Politica fragile, Libia e umanità a pezzi. Un gran Paese e troppi nani
Era noto da tempo che la partita libica fosse estremamente difficile e che fossero molto limitate le possibilità di riuscire a organizzare il prossimo 24 dicembre le tanto auspicate elezioni politiche. Ma il saperlo non attenua il senso di un ennesimo fallimento nel rimettere in sesto i cocci di quel Paese, incapace di uscire dal caos che favorisce lo strapotere delle milizie, le ambizioni personali e il proliferare dei traffici illeciti. Fra tutti quello di esseri umani, intrappolati fra le condizioni spaventose in cui si trovano nei campi e i pericoli dell’affrontare la rotta del Mediterraneo centrale; la «più pericolosa al mondo» ricorda l’Organizzazione internazionale per le Migrazioni, come dimostra la nuova, terribile strage dello scorso fine settimana, nella quale sarebbero morte in mare più di 160 persone.
Le ragioni di questa nuova impasse, con un rinvio delle elezioni a data ancora da stabilirsi, sono molteplici e di diversa natura. A livello più immediato, era chiara la fragilità di un percorso politico che aveva sì evitato, lo scorso anno, una pericolosa escalation militare regionale, ma che non aveva saputo risolvere i grandi snodi che minacciavano questo cammino. Il governo provvisorio era e rimane molto debole: da un lato le manovre del generale Haftar, il quale mantiene un’ambiguità di fondo e che non sembra aver completamente rinunciato alle sue ambizioni di potere – le stesse che hanno contribuito a far precipitare la Libia nell’anarchia. Dall’altro lo strapotere delle milizie (alcune delle quali di matrice islamista) che a parole sostengono il processo politico e il governo di transizione, ma che nei fatti rifiutano ogni reale assoggettamento a un potere civile, che limiterebbe la loro indipendenza e i guadagni derivanti dai mille loschi traffici e attività criminali in cui sono coinvolte. Lo si è visto nei giorni scorsi con le loro minacce contro il governo transitorio, che voleva sostituire il generale Abdel Marwan, comandante del distretto militare di Tripoli e potente "signore della guerra" legato ad alcune delle milizie più forti.

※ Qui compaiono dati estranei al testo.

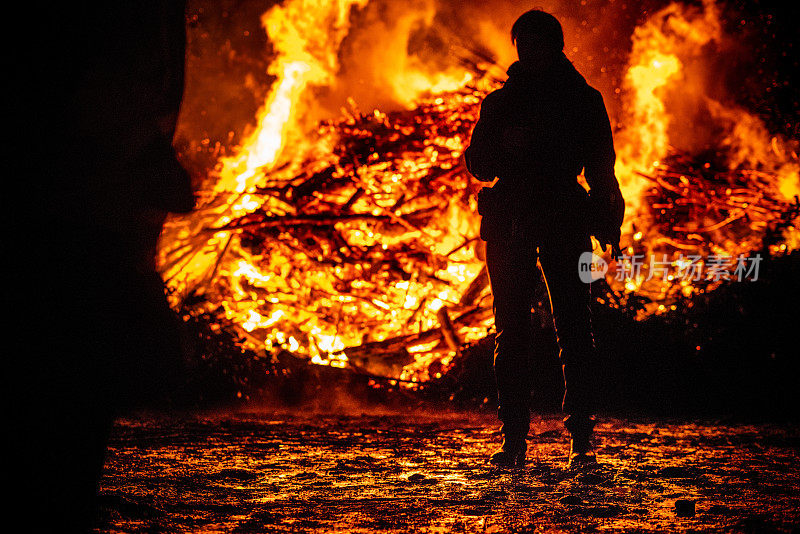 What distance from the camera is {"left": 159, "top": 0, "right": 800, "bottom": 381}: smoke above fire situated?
20.1 feet

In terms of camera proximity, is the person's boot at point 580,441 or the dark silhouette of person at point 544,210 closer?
the person's boot at point 580,441

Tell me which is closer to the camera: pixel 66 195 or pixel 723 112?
pixel 66 195

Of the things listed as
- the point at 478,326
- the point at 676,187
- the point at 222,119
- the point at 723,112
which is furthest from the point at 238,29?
the point at 723,112

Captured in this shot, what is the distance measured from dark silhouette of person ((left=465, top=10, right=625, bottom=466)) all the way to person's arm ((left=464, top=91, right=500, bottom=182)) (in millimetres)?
12

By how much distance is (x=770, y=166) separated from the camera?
6.94 metres

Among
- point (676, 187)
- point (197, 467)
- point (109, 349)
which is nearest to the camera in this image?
point (109, 349)

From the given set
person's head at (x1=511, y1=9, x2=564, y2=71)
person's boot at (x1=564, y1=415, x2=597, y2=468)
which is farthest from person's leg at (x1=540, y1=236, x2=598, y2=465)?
person's head at (x1=511, y1=9, x2=564, y2=71)

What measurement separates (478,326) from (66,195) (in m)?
4.50

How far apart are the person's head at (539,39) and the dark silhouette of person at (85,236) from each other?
7.27 feet

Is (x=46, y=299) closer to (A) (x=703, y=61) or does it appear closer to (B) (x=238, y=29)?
(B) (x=238, y=29)

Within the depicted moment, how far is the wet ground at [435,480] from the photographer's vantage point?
2539mm

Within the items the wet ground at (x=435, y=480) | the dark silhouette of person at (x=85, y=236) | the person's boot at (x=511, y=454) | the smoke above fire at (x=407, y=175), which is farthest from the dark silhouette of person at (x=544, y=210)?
the smoke above fire at (x=407, y=175)

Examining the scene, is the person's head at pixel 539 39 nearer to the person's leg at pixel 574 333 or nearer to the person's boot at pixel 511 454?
the person's leg at pixel 574 333

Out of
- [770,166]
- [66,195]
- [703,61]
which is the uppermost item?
[703,61] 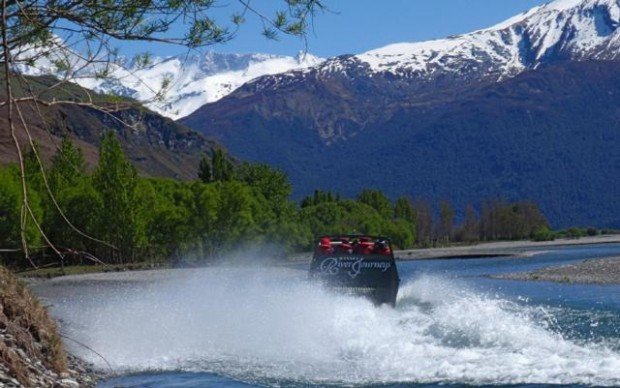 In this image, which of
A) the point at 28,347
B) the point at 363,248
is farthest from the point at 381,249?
the point at 28,347

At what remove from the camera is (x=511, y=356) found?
68.2ft

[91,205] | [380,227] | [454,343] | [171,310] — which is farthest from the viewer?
[380,227]

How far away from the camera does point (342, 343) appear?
2358 cm

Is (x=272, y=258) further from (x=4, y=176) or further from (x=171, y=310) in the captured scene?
(x=171, y=310)

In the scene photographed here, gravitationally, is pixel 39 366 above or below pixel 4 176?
below

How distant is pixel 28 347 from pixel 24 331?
0.42 m

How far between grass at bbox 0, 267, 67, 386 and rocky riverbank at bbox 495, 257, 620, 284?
42.4 meters

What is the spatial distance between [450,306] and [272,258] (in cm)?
9183

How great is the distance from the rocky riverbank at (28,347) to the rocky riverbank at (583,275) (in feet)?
138

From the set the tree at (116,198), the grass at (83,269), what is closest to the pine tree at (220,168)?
the tree at (116,198)

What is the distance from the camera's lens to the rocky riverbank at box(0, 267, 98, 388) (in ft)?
51.0

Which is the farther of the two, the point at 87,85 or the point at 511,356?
the point at 511,356

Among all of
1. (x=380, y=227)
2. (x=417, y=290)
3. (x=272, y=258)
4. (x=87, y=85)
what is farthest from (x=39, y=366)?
(x=380, y=227)

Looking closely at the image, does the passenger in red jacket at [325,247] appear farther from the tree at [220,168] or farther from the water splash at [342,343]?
the tree at [220,168] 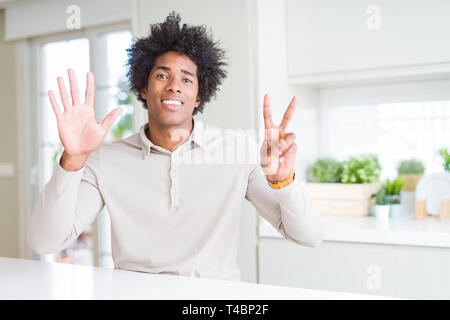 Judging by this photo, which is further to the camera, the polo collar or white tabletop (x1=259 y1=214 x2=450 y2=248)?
white tabletop (x1=259 y1=214 x2=450 y2=248)

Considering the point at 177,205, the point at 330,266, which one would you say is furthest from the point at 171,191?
the point at 330,266

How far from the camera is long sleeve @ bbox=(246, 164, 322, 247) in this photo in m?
1.27

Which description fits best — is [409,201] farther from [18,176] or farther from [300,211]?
[18,176]

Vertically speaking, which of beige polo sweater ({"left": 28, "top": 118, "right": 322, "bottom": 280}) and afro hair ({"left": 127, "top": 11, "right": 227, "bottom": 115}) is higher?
afro hair ({"left": 127, "top": 11, "right": 227, "bottom": 115})

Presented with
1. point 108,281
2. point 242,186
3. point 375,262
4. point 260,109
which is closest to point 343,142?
point 260,109

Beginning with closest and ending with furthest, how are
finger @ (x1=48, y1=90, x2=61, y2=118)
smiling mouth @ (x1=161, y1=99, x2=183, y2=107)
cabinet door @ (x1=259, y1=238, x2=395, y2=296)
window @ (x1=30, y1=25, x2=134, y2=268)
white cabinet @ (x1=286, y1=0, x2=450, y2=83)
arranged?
finger @ (x1=48, y1=90, x2=61, y2=118) < smiling mouth @ (x1=161, y1=99, x2=183, y2=107) < cabinet door @ (x1=259, y1=238, x2=395, y2=296) < white cabinet @ (x1=286, y1=0, x2=450, y2=83) < window @ (x1=30, y1=25, x2=134, y2=268)

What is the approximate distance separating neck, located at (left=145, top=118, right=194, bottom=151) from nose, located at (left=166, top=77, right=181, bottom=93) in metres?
0.12

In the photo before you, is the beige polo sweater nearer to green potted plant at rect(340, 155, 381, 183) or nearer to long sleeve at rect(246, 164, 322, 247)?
long sleeve at rect(246, 164, 322, 247)

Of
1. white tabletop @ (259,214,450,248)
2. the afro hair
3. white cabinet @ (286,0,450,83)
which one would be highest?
white cabinet @ (286,0,450,83)

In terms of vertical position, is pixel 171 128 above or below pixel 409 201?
above

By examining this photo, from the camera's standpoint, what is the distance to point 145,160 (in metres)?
1.51

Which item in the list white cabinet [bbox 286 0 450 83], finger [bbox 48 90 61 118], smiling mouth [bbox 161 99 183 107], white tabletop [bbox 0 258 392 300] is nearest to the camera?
white tabletop [bbox 0 258 392 300]

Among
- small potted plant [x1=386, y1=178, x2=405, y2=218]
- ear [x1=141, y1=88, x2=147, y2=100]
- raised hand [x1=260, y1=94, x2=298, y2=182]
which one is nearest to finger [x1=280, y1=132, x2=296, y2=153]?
raised hand [x1=260, y1=94, x2=298, y2=182]

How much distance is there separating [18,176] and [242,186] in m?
2.57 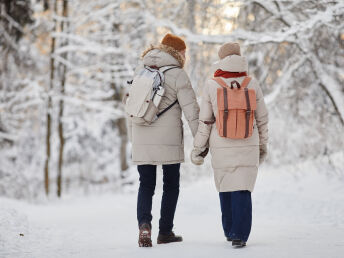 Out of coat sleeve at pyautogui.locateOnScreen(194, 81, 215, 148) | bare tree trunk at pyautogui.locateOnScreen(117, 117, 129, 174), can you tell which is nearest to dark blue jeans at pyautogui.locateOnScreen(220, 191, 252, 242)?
coat sleeve at pyautogui.locateOnScreen(194, 81, 215, 148)

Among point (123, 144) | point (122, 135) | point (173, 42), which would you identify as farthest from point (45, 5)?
point (173, 42)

Non ha poi favorito l’emergere di candidature profondamente divisive e polarizzanti, prima fra tutte quella di Saif al-Islam, figlio del defunto dittatore Gheddafi, che hanno provocato un profluvio di ricorsi per escludere o re-includere questo o quel nome. Il tutto mentre si accumulavano i ritardi sui meccanismi legali e organizzativi del processo elettorale. Problemi che erano del resto evidenti, alla luce delle disastrose condizioni politiche, di sicurezza e amministrative in cui versava (e versa) il Paese.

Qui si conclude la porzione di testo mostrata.